Pop gifted
Dr Joan Freeman reviews the film, directed by Marc Webb.
03 July 2017
When a seven-year-old suddenly demonstrates her ability with differential calculus, you might wonder where she got it from. According to the film Gifted, in little Mary's brain the postgraduate mathematical techniques, including perfect knowledge of Greek symbols, just popped up magically. This small child corrects the finest work of the Professor of Maths with equations covering three closely chalked blackboards. He looks suitably humiliated. But she thinks nothing of it. What's more, from her media-free, mosquito-ridden one-room home in Florida, she is able to discourse on the current position of the euro and esoteric history, and is morally superior.
Being gifted, whether in terms of high-level potential or precocity, is an aspect of child development. Yet it is particularly susceptible to the stereotyping assumed in this film. Gifted Mary, played by McKenna Grace, is delightful. Frank, her uncle and carer, played by Chris Evans, wants her to be normal, that is to avoid the common expectation of the gifted child as unhappy and friendless, for which there is no scientific evidence. Indeed, my 35-year study using double control groups, published in Educational and Child Psychology in 2013, found that although the gifted did face special challenges, the reasons for any emotional distress were usually more commonplace.

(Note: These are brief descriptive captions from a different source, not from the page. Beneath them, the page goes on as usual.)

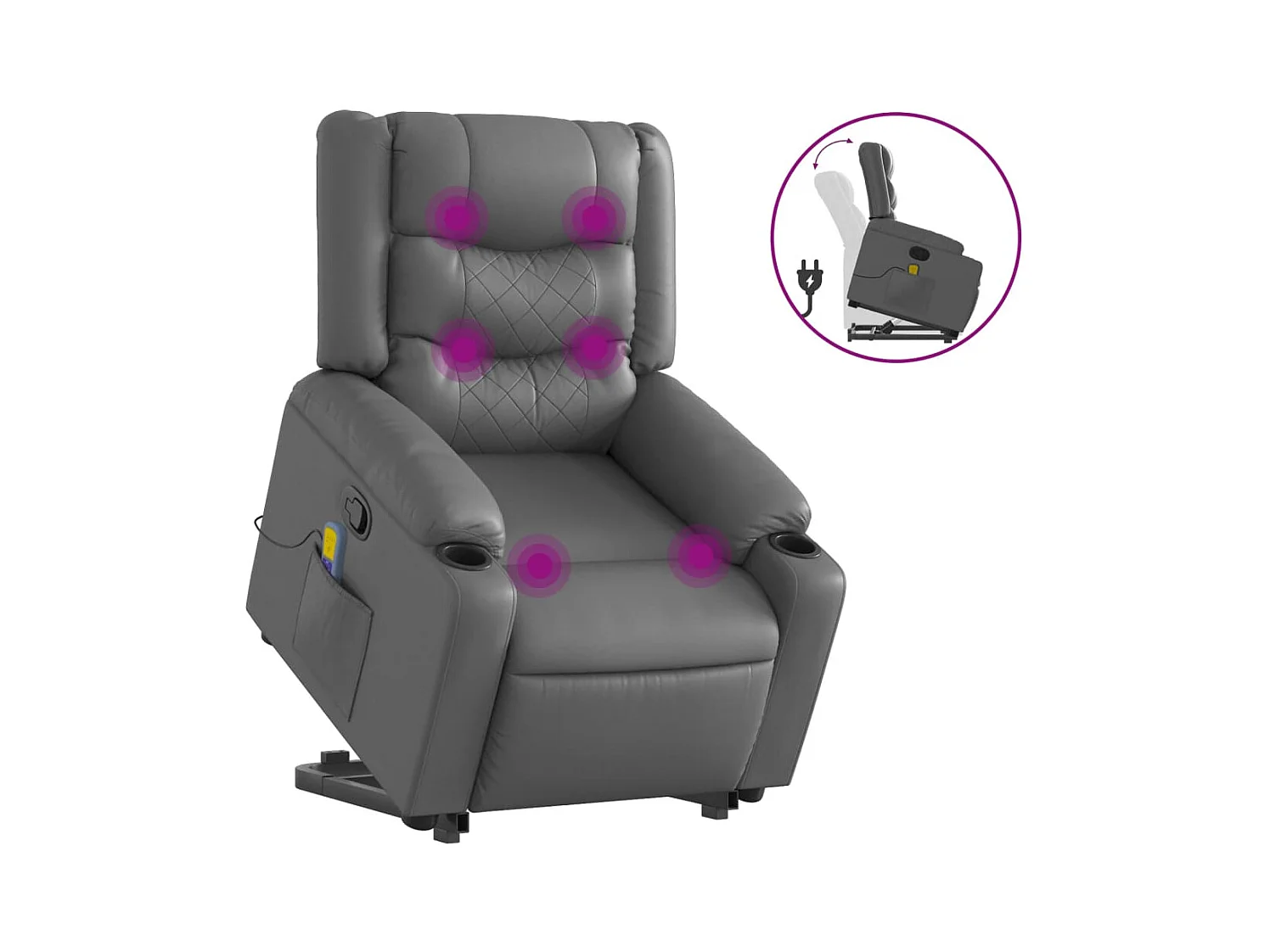 Fauteuil inclinable-Chaise de relax-Fauteuil de Massage Gris Similicuir SHL1262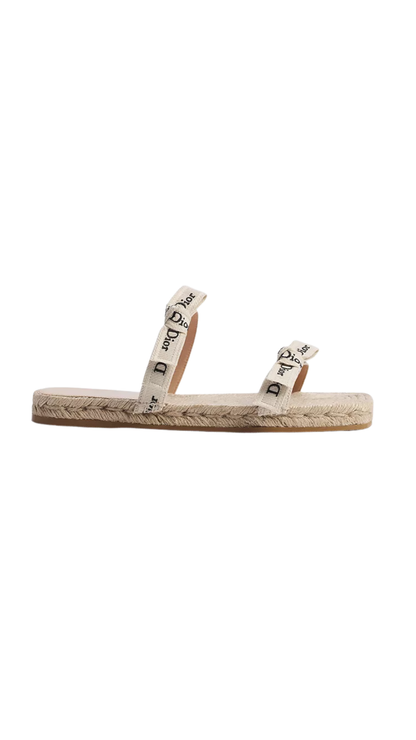 J'Adior Sandal with Straps in White Embroidered Cotton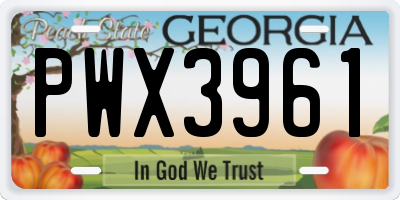 GA license plate PWX3961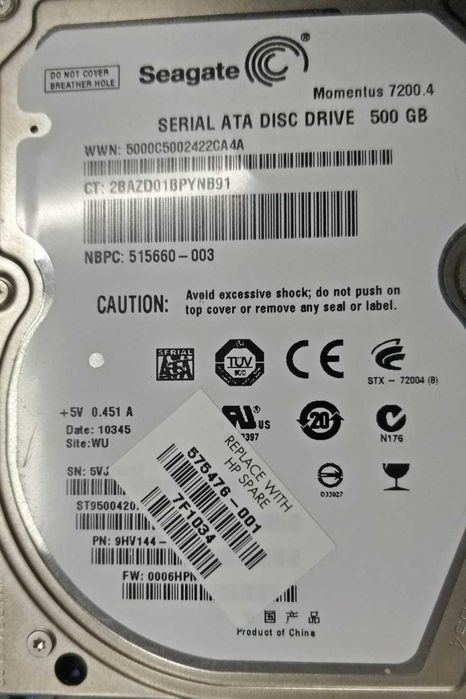 Жорсткі диски HDD 500Gb 2.5" б\у 100% живі..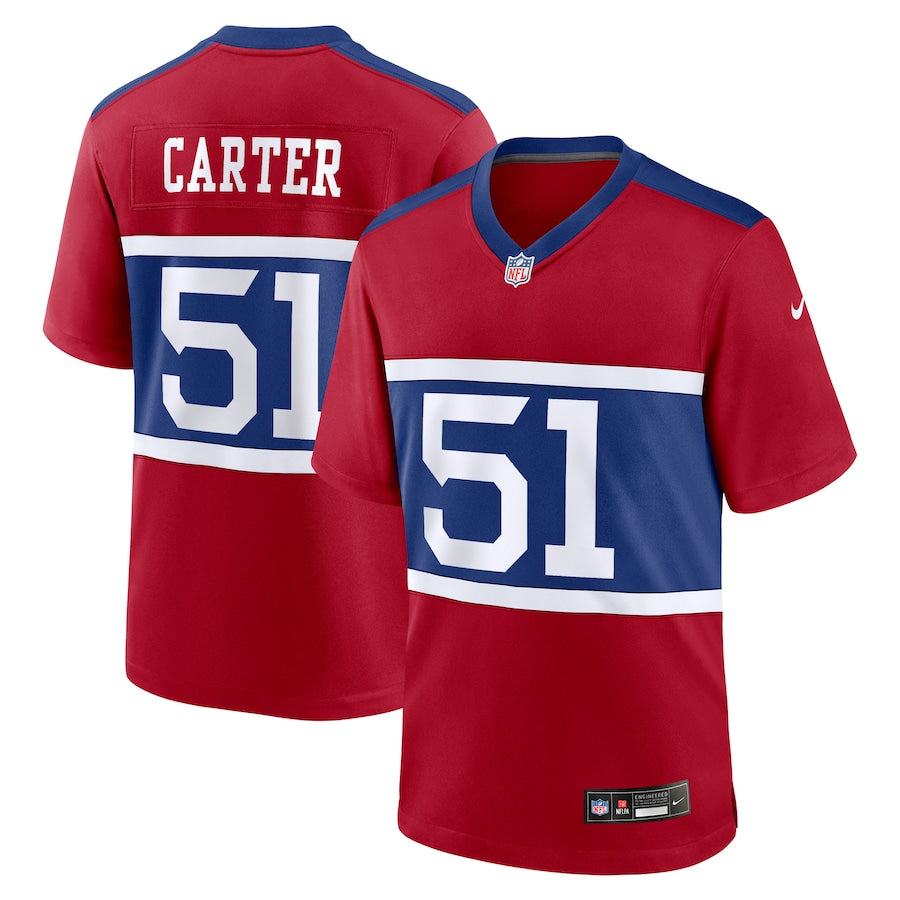 Men's New York Giants Abdul Carter Nike Red First Round Pick Alternate Game Jersey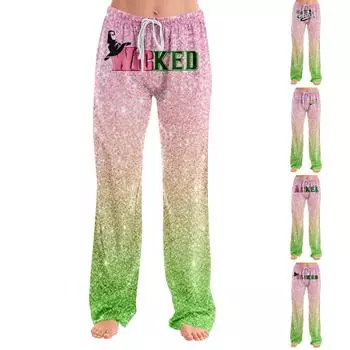 Женские пижамные штаны, одежда для сна, повседневные брюки с эластичной резинкой на талии, удобные прямые свободные брюки для йоги L армия зеленый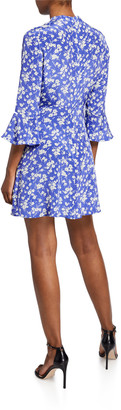 HVN Mini Ashley Bell-Sleeve Dress
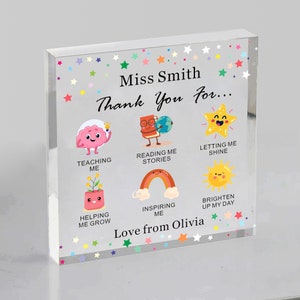 Thank You Teacher Gifts Personalised Thank You Gifts for Women Men Square Acrylic Plaque Teachers Gifts Thank You Gift for Teacher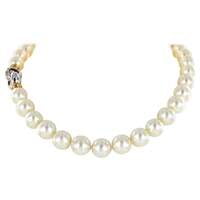 South Sea Cultured Pearl Necklace with Clasp in 18 Karat White and Rose Gold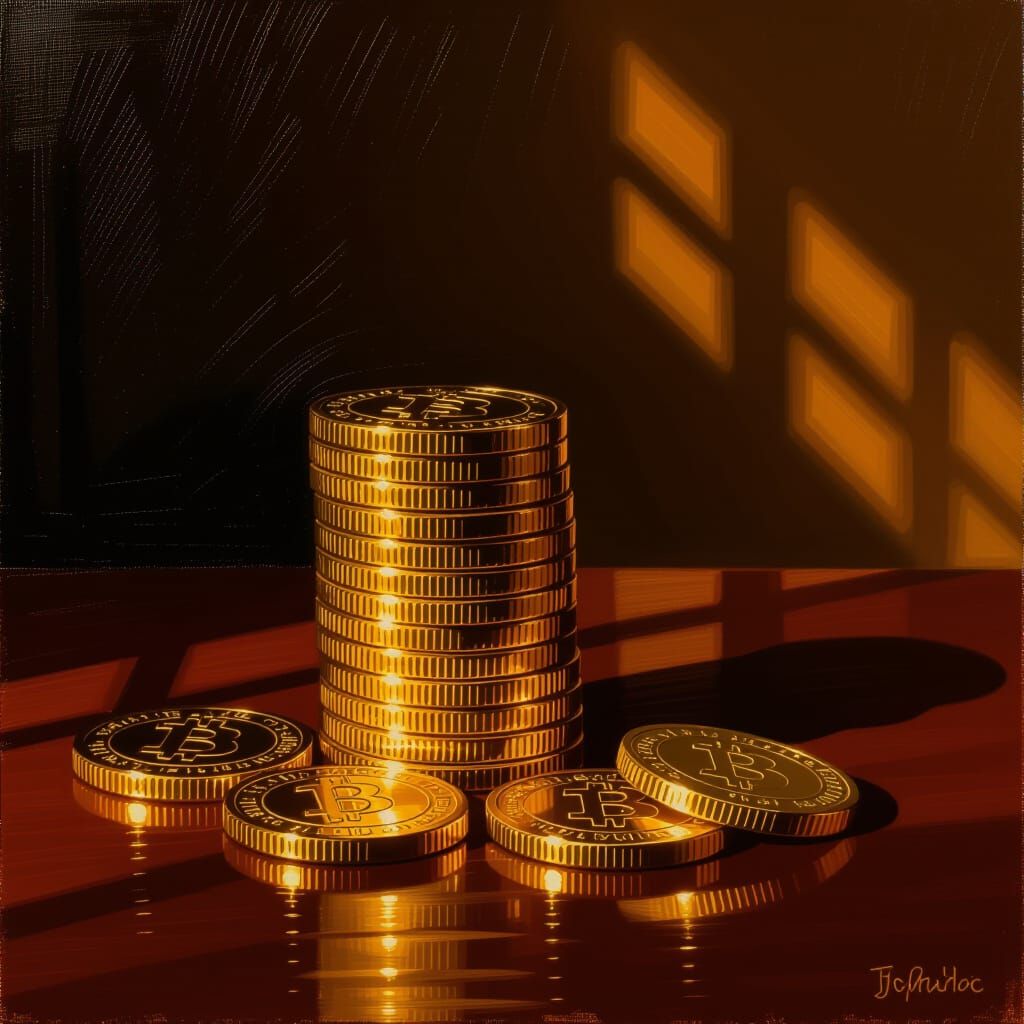 Impasto Oil Painting of Gold Coins on Office Table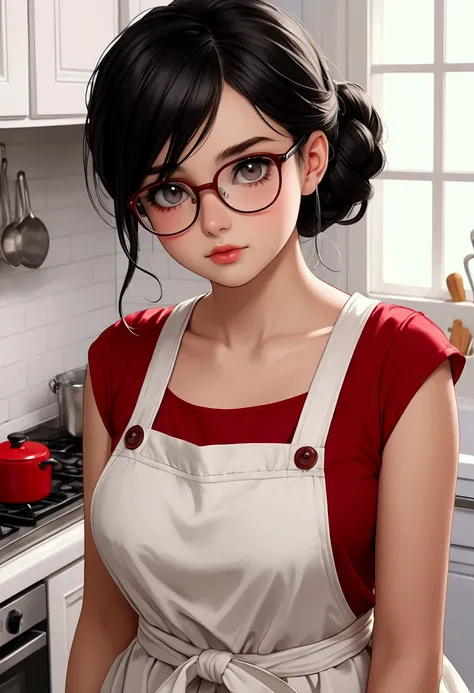 18 year old beautiful young woman with black eyes and black hair tied up wearing a kitchen apron She wears red-rimmed glasses.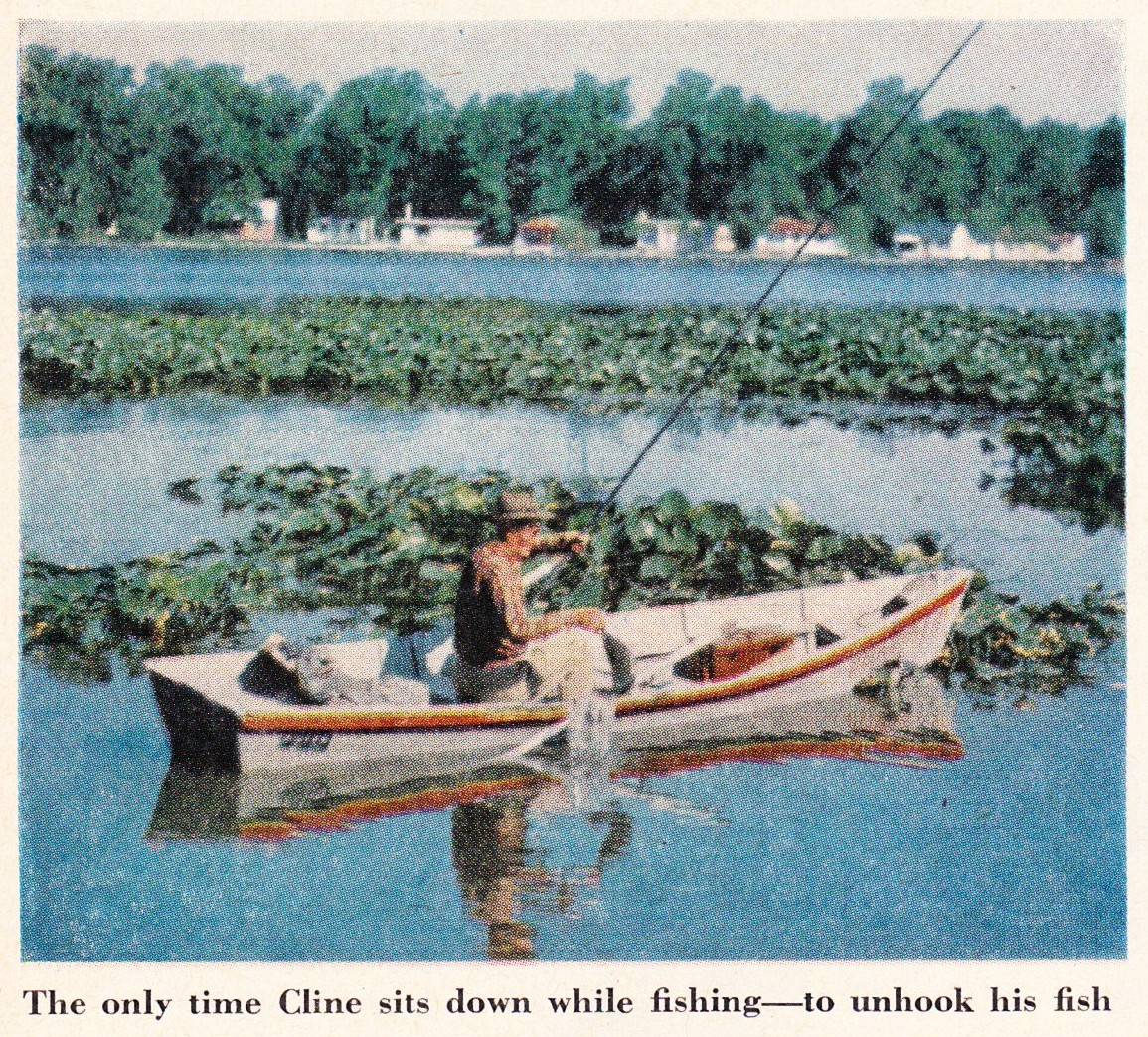 Walker Cline flipjacking a bass from Indian Lake Ohio. Image Outdoor Life November 1956.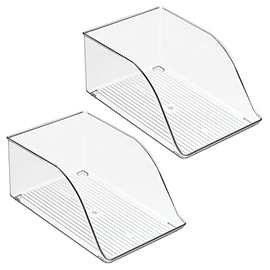 mDesign Small Plastic Water Bottle Stackable Storage Organization Bin with Open Front for Kitchen Refrigerator, Freezer, Pantry, Holds 12 Bottled Drinks/Beverages, Ligne Collection, 2 Pack, Clear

The dramatic tension in Gifted is between Mary's development as weird if she is permitted to flex her implausible abilities, versus a happy little soul if she denies them. Mary, although decidedly mature (actually 11 in real life), has no say in whether to repress her gifts every day in her normal school or tackle a higher level of education in a school for the gifted. Her uptight English grandmother, Evelyn, played by Lindsay Duncan, wants Mary to fulfil her natural potential but down-to-earth Frank fears for Mary's happiness.
It goes to court. Turns out that Mary's mother was also a maths whizz who committed suicide and her grandmother is an affectless Cambridge maths graduate. English Evelyn employs sweeping statements like, 'Extraordinary people come with singular issues and needs'. Frank (recently Captain America) wants to 'give her a life' and shoots back, 'If Einstein can ride a bike so can she.'
The judge is faced with the decision of Solomon, whether to encourage or restrict Mary's intellectual growth. She faces fostering. Frank muscles in and rescues the sobbing child. Beach and sunset. The folksy music swells. The ending is compromise and she gets to join the girl scouts. To have even a little credibility any story needs some ring of truth, which unfortunately is not present in this film.
- Reviewed by Joan Freeman, who has a private practice for gifted children and is Visiting professor at Middlesex University.